I didn’t realize until today, that the word cuckold always applies to the male of the species (no matter what species that is). The female gender apparently gets a much cooler version- the cuckqean. It’s admittedly snappier sounding, but still unpleasant none-the-less.

Apparently, it’s little used because as far as the larger sense of the word’s meaning is concerned there has been no female equivalent of the cuckold. Wronged wives, lovers and friends have historically been figures of sympathy, not jest. The difference has stemmed from the fact that throughout history, a wife’s infidelity meant male power and privilege was upended, the natural order of things usurped. At least that’s the way it’s traditionally been.

Just a bit of lexiconography for your Monday consideration. Abiento.

Friday, November 16, 2007

Three Thanksgiving Quotes


"Thanksgiving Day, a function which originated in New England two or three centuries ago when those people recognized that they really had something to be thankful for - annually, not oftener - if they had succeeded in exterminating their neighbors, the Indians, during the previous twelve months instead of getting exterminated by their neighbors, the Indians. Thanksgiving Day became a habit, for the reason that in the course of time, as the years drifted on, it was perceived that the exterminating had ceased to be mutual and was all on the white man's side, consequently on the Lord's side; hence it was proper to thank the Lord for it and extend the usual annual compliments."
- Mark Twain

"Thanksgiving is a typically American holiday...The lavish meal is a symbol of the fact that abundant consumption is the result and reward of production."
- Ayn Rand

"Turkey: A large bird whose flesh, when eaten on certain religious anniversaries has the peculiar property of attesting piety and gratitude."
- Ambrose Bierce, The Devil's Dictionary

I'm such a cynic. Happy early turkey day.

Thursday, November 15, 2007

Thanksgiving A Week Early- Robert Benchley's Famous Turkey

Everyone who knows me knows that I adore the writers of the Algonquin Round Table. Robert Benchley, side-kick to Dorothy Parker was one of its pithiest. The duality of his family-man façade and literary man about town make him the perfect host for this wonderful little snippet of Thanksgiving cookery advice.

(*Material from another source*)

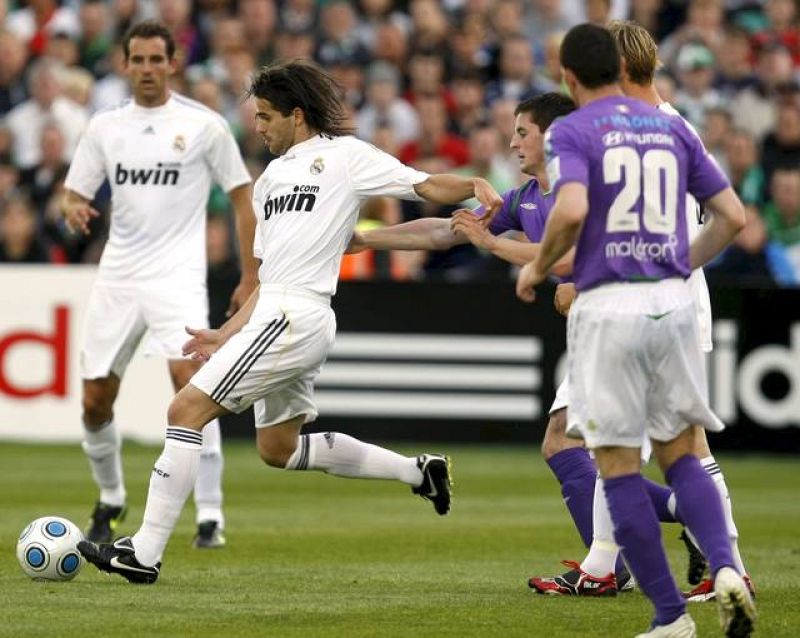 El centrocampista argentino Fernando Gago ha sido titular en el primer partido de la pretemporada.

Rumors persist about this recipe. This blackened turkey is part of the 1930s legends associated with Harold Ross and The New Yorker's team of contributing writers. First thought to have been contained in a manuscript given to Robert Benchley by Morton Thompson, this highly seasoned and ultimately blackened turkey pops up every year. Perhaps to console his conscience (Benchley, it is said, lost Thompson's manuscript titled, The Naked Countess) this recipe became part lore, part recitation, and part of an annual holiday toast that Benchley included in his repertoire.

:: A Seasoned Blackened Turkey :: Serve to spiced New Yorkers::"

This turkey is work... it requires more attention than an average six-month-old baby. There are no shortcuts, as you will see.

Get a HUGE turkey-- I don't mean just a big, big bird, but one that looks as though it gave the farmer a hard time when he did it in. It ought to weigh between 16 and 30 pounds. Have the poultryman, or butcher, cut its head off at the end of the neck, peel back the skin, and remove the neck close to the body, leaving the tube. You will want this for stuffing. Also , he should leave all the fat on the bird.

When you are ready to cook your bird, rub it inside and out with salt and pepper. Give it a friendly pat and set it aside. Chop the heart, gizzard, and liver and put them, with the neck, into a stew pan with a clove of garlic, a large bay leaf, 1/2 tsp coriander, and some salt. I don't know how much salt-- whatever you think. Cover this with about 5 cups of water and put on the stove to simmer. This will be the basting fluid a little later.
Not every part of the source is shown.